Hey sweets,
I have thought about adopting a special needs child, but my husband
isn't......grrrrrrrrrr - I guess I could just do it and he would learn to
love the child, but then, I would be put in "time out" lol........not a good
thing to do huh? I do believe that God will answer my prayer. If not, then
it's not meant to be....oh gosh, that was so hard to write. I just wrote
this l-o-n-g email to you about my adoption stories and BAMB - AOL kicked me
off line (what else is new) and the email was lost. DARN - all that typing
too.........crud.......lol
Pete, my husband, and me did go through Catholic Charities for adoption. We
were one of the first 10 couples in line to adopt. When our time came for
the house inspection, we were excited. First she made fun of my poor little
cat we just adopted.

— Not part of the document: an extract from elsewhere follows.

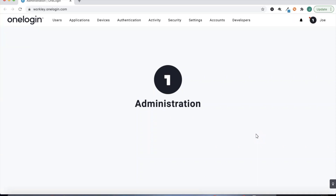Hi everyone. Today I'm going to be showing you how to provision Active Directory security groups into Office 365 with OneLogin. So let's go ahead and jump into it.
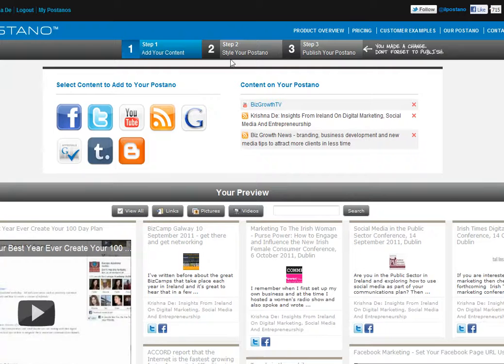On the top left, the first thing you can see is I can add content. I can bring in multiple Facebook pages, multiple Twitter accounts, YouTube channels, RSS feeds — that could be, for example, from your media room if you have a press room online, or from your blog, or from Flickr. You can bring in Google content and also Tumblr and Blogger blogs.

She said he was too skinny, I explained we just had him
for a week and he did put some weight on - she shook her head and wrote
something in her book. Then our 2 bedroom ranch was small but quaint she
said...will we be getting a larger house. We said maybe, but this house and
yard is plenty for us and a child. Again, the head shook and she wrote in
her book. Then, she asked about our family - when she learned that both my
Dad and Pete's Dad were alcoholics, she wrote heavily and long in her book.
She took a look at us and said, well, because both your Dad's were
alcoholics, this means that you are too. On that note, she left and said,
I'll call you. Pete and I just looked at each other, not wanting to say
anything to each other in fear that we would hurt each other. Needless to
say that 6 years has passed now, with no word on any adoption! One of my NH
friends had a relative that was pregnant and couldn't keep the child. So she
thought of us and asked if we would adopt her family members child. YES!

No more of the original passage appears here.